To see the advantages of these compression algorithms, consider a text file that has 35 letters with the following letter frequencies – A: 14; B: 7; C: 5; D: 5; E: 4. Using the ASCII encoding, each of these letters will have a separate bit pattern, consuming 35*8 = 280 bits of space. "Decoding" such a string (i.e. translate the binary encoding back into the original text file) simply consists of breaking the encoding into 8-bit bytes, and converting each byte into the character is represents using the ASCII table. A file that is encoded in this scheme has the advantage of needing no additional information to be passed along with the encoding, since all files and computers have the same binary-to-character mapping.

Variable-length encoding schemes such as the Huffman and Shannon-Fano schemes have the following properties:

    • Codes for more frequent characters are shorter than ones for less probable characters.

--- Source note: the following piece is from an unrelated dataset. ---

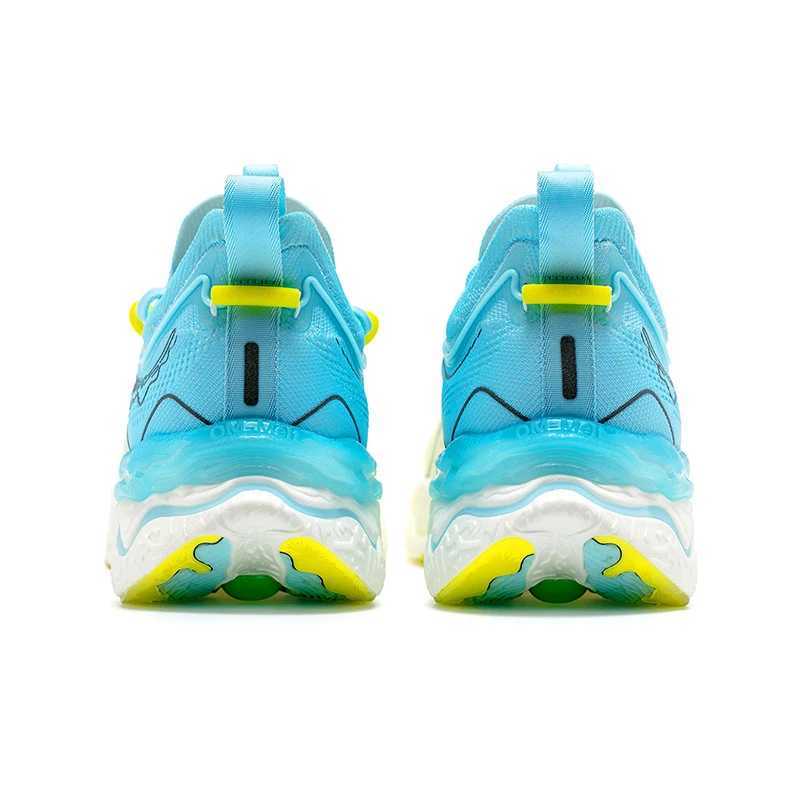 ONEMIX 2024 New Style Color O-Resilio Mix Road Running Shoes for Man Lightweight Cushioning Men Training Outdoor SneakersC250410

    • Each code can be uniquely decoded. This is also called the prefix property, i.e. no character’s encoding is a prefix of any other. To see why this property is important, consider the case where ‘A’ is encoded as 0, and ‘B’ is encoded as ‘01’, and ‘C’ is encoded as ‘10’. If the decoder encounters the bit-stream ‘0010’, is this ‘ABA’ or ‘AAC’? With the prefix guarantee, there is no ambiguity in determining where the character boundaries are. We start reading from the beginning, and gather bits in a sequence until we find a match. That indicated the end of a character, and we move along to the next character.